_INFORMATION PROVIDED_

━━━━━━━━━━━━━━━━

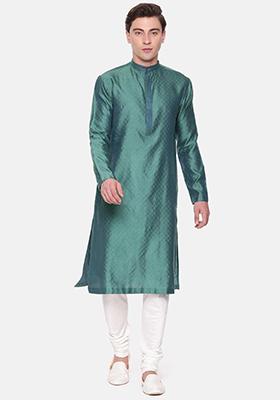 Green And Blue Jacquard Kurta Set For Men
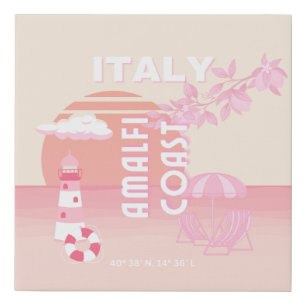 Amalfi Coast, Travel Art, Preppy Travel, Pastel Faux Canvas Print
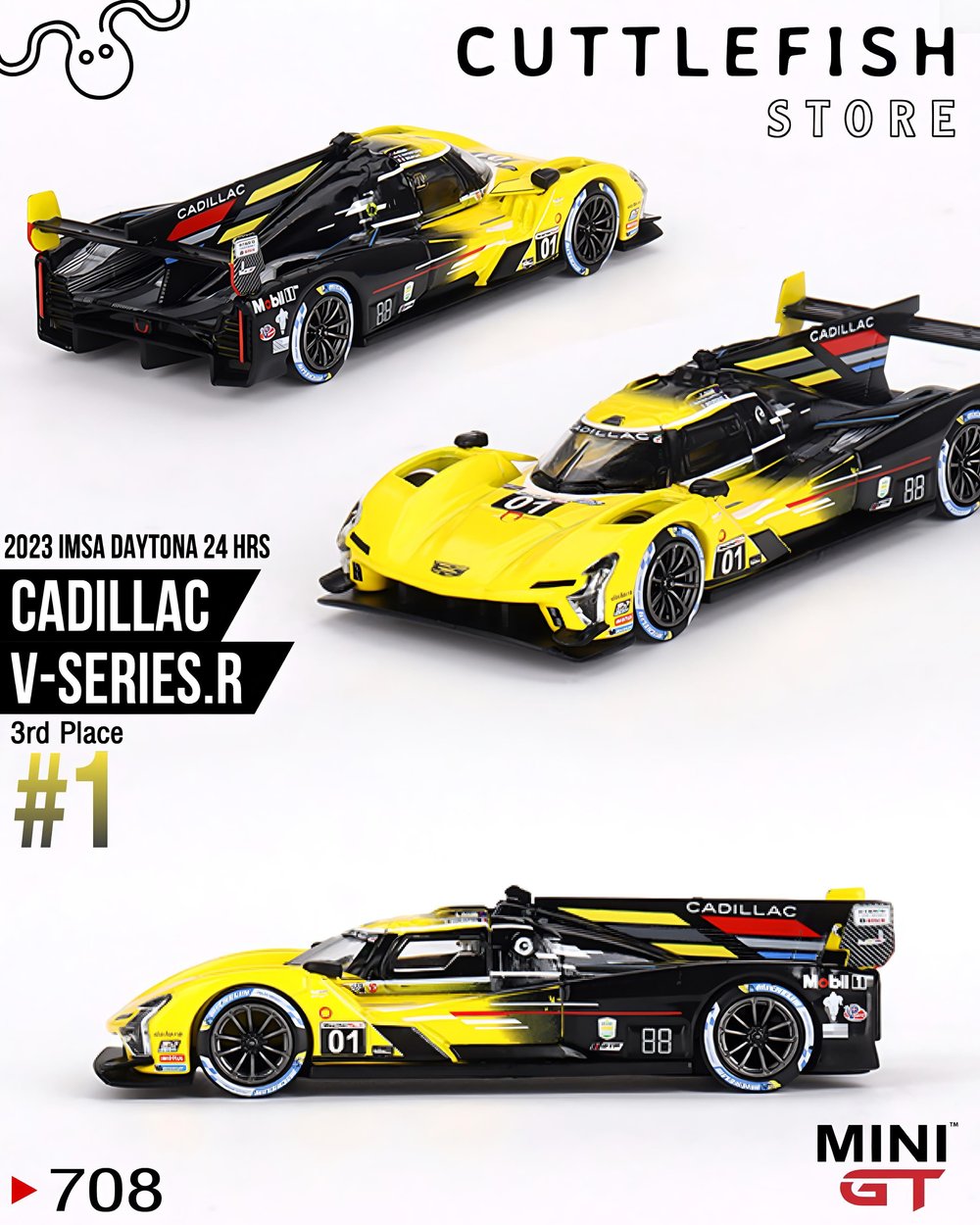 Mini Gt 1/64 Cadillac V-Series.R #01 Cadillac Racing 2023 IMSA Daytona 24 Hrs 3rd Place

━━━━━━━━━━━━━━━━

_WHAT NEEDS TO BE DONE_
Beginning at the line that contains "Amalfi Coast, Travel", retype each line of the data above through the very last one. Do not retype the pictures.

_WRITTEN RESPONSE_
 Amalfi Coast, Travel Art, Preppy Travel, Pastel Faux Canvas Print
 Mini Gt 1/64 Cadillac V-Series.R #01 Cadillac Racing 2023 IMSA Daytona 24 Hrs 3rd Place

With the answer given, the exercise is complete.